I purchased a CD that turned out, on delivery, to be a 20-bit HDCD published in 2002 (although the disk itself brand new). The music on it is very rarely recorded (Girolamo Kapsberger’s “Jesuit Opera”) and only available in this format.
My Project transport (Box RS) doesn’t recognize the disk, however. I presume that there is no solution to this problem (apart from buying a different transport) but I’m still interested in what kind of compatibility issue may cause the problem.

Thank you,

Csaba

malacka
Did you know that Kaspberger’s first name is really Johannes ?  He was a German working in Italy (his patrons referred to him as In Tesoro de Tedesco) and probably Italianicized his name at one point.
  Regarding the HDCD issue, I have several HDCDs ofthat era that have played on several CD and SACD players.  Have you tried it on another player?
No compatibility issues.
For convenience, I have ripped all my CD's and then wrote some scripts to scan for HDCD and decode them. Now all my HDCD's are stored as 24 bit FLAC.
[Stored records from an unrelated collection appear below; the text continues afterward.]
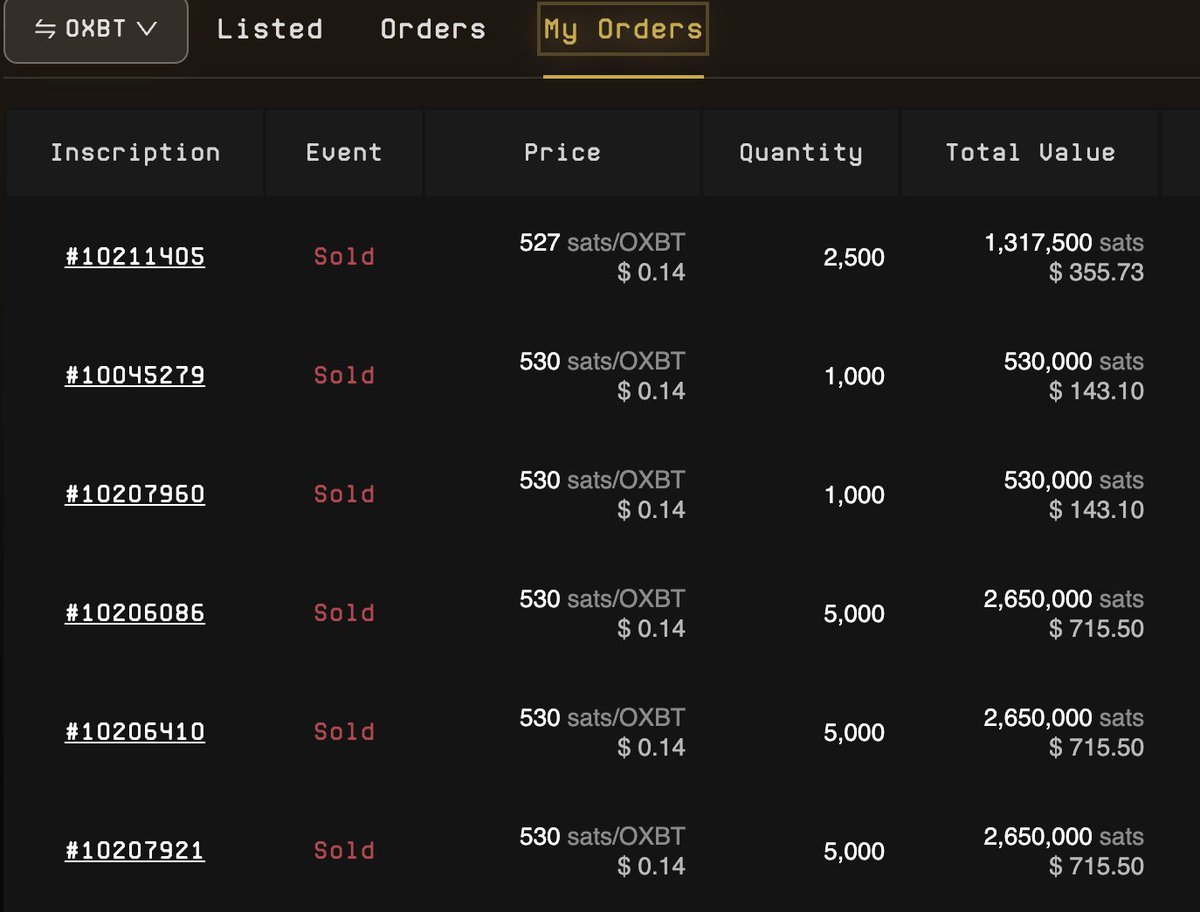 SolGod_'s tweet image. you buying the dip anon? 

$OXBT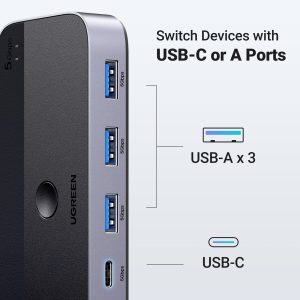 Bộ Chia Cổng USB 3.0 2 vào 4 ra Ugreen CM662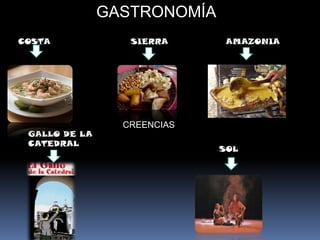GASTRONOMÍACOSTASIERRAAMAZONIACREENCIASGALLO DE LA CATEDRAL SOL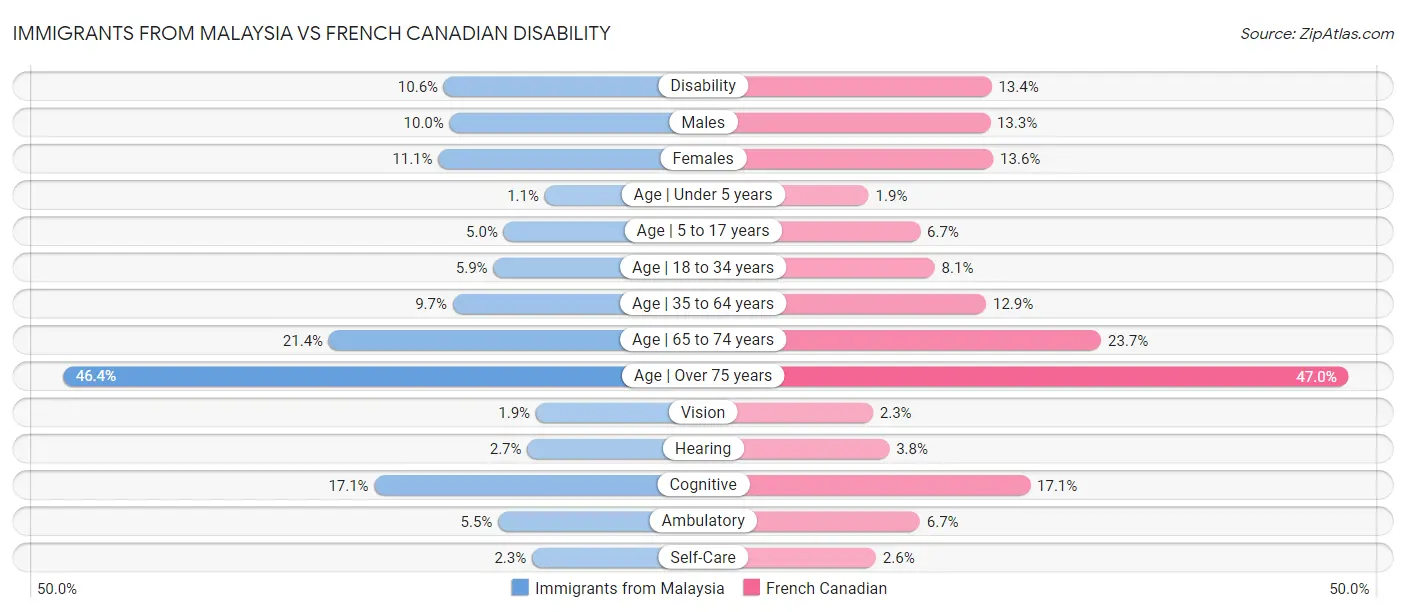 Immigrants from Malaysia vs French Canadian Disability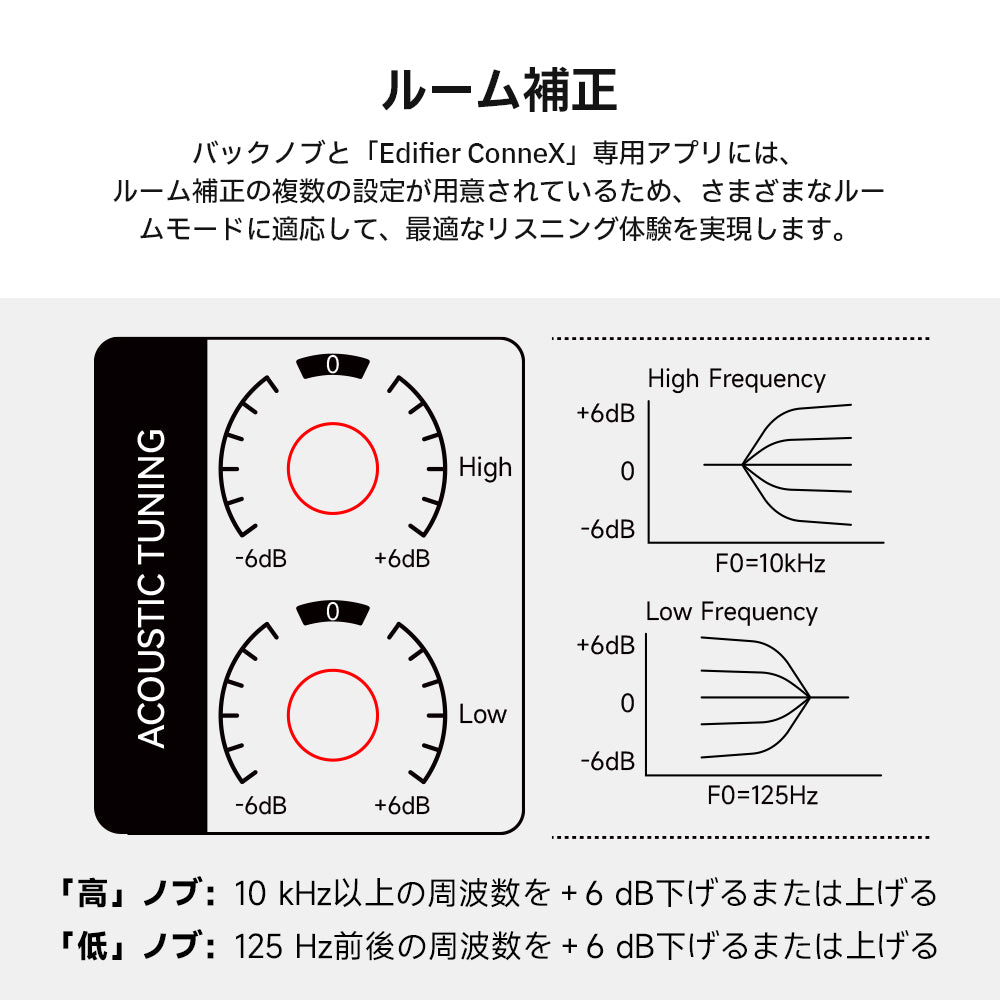 ルーム補正機能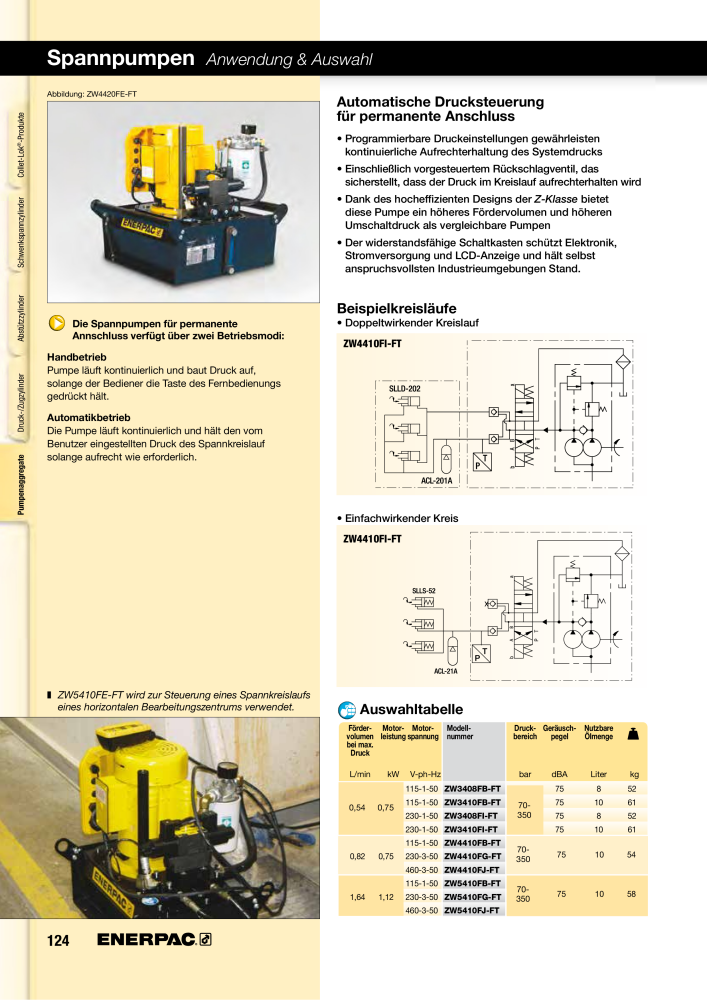 ENERPAC - Hydraulische Spanntechnik NR.: 21038 - Pagina 124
I imagine there is some conversion tool out there for whatever PC / OS X you are using as well.

Best,
E
I would see if the disc will play on the computer. If so rip a new copy.Or it may be the disc you have was ripped and your player will not play ripped discs?

Thank you all for the help.

- eventually, the only thing I could do was copying, bit-by-bit the CD into my digital library on an SSD, so at least I can now listen to the music, without compression and through a DAC;

- the problem was not the DAC - the signal never quite made it that far, since the transport itself didn't recognize that it was fed a CD;

- other players: my 10-dollar CD-radio in the bathroom played the disk without a problem. Perhaps I should give up on all the fancy stuff and just go back to the boombox of my greener days;

Kapsberger: yes, and thank you. I also have a number of recordings with his music but, being a lutenist, I mostly focused on his plucking and not his operas.

The disk must have a menu that specific CD player cannot read. Some types of opening lines are deliberately left off some Cd players/transports for 'political' reasons. Anti copying stance of makers.. etc. Though most disc reading machines will read anything you throw at them with the CD size pits. So I would chalk it up to technology. Glad you got it to work.